Intel Stock Jumps After Bank of America Upgrades Shares to Buy
Intel shares surged around 5% in premarket trading after Bank of America (BofA) upgraded the semiconductor giant from Underperform to Buy and raised its price target from $96 to $135. The investment bank cited growing confidence in Intel’s long-term opportunities across both the server CPU market and its expanding foundry business.
The upgrade reflects a major shift in BofA’s outlook for Intel’s future earnings potential. Analysts now believe the company could generate more than $6 per share in earnings by 2030, significantly higher than the previous forecast of $3 to $4 per share.

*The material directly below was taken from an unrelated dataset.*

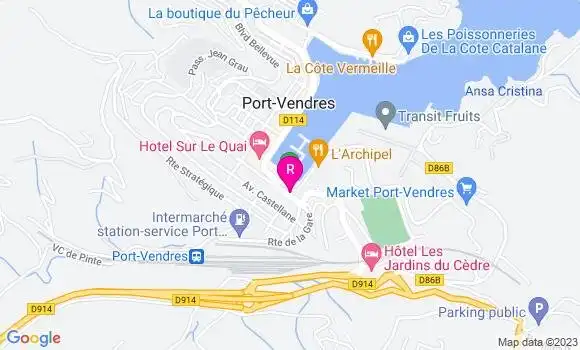 Localisation Restaurant  Le Chalut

Higher Price Target Based on Long-Term Growth Potential
According to BofA analysts led by Vivek Arya, the new $135 price target is based on a 25-times earnings multiple applied to Intel’s estimated 2030 earnings per share of $6.24.
The bank noted that its previous valuation approach, which focused on 2028 estimates, did not fully capture the long-term value of Intel’s CPU and foundry businesses. By shifting its focus further into the future, BofA believes the market is underestimating several key growth opportunities that could emerge over the next decade.
Intel’s Server CPU Business Could Become a Major Growth Driver
One of the biggest factors behind the bullish outlook is Intel’s position in the server CPU market. BofA expects Intel’s server processor revenue to exceed $40 billion by 2030, representing roughly 25% of a market that the bank estimates could reach $170 billion.
Analysts believe the rise of agentic AI will significantly increase demand for advanced CPUs. While processors have traditionally been used for managing servers and computing tasks, future AI systems are expected to rely heavily on CPUs to coordinate and manage autonomous AI agents.
BofA estimates this emerging agentic AI opportunity alone could represent a market worth approximately $70 billion by the end of the decade.
Foundry Business Gains Momentum
The bank also highlighted growing optimism surrounding Intel Foundry, the company’s contract chip manufacturing division.
Several potential opportunities are reportedly in Intel’s pipeline, including Apple M-Series wafer production, MediaTek TPU manufacturing projects, advanced packaging partnerships, Terafab intellectual property engagements, and additional ARM-based server CPU opportunities.
BofA also pointed to Intel’s recent collaboration with Cadence around its advanced 14A manufacturing process. The partnership is viewed as an important step toward building a stronger and more sustainable external foundry ecosystem capable of attracting major customers.
Low Institutional Ownership Could Provide Additional Upside
Another factor supporting BofA’s positive view is Intel’s relatively low institutional ownership.
Despite having a market capitalization of approximately $540 billion and ranking among the largest U.S. semiconductor and AI infrastructure companies, Intel is currently owned by only 16% of S&P 500 funds. That makes it the second least-owned company in its peer group, behind only SanDisk.
The analysts noted that increasing institutional ownership could act as a powerful catalyst for future stock gains.
To support this argument, BofA highlighted AMD’s experience over the past year. During that period, AMD’s institutional ownership increased by roughly 1,400 basis points while its stock price surged more than 300%.
Risks Remain Despite Bullish Outlook
While BofA sees significant upside potential for Intel shares, the bank also acknowledged several risks.
These include rising competition from ARM-based processors and custom chip designs, the possibility of slower AI infrastructure spending, and execution challenges related to Intel’s efforts to scale its next-generation manufacturing technologies.
Nevertheless, BofA believes Intel’s improving visibility in both server CPUs and foundry operations positions the company for stronger long-term growth than many investors currently expect.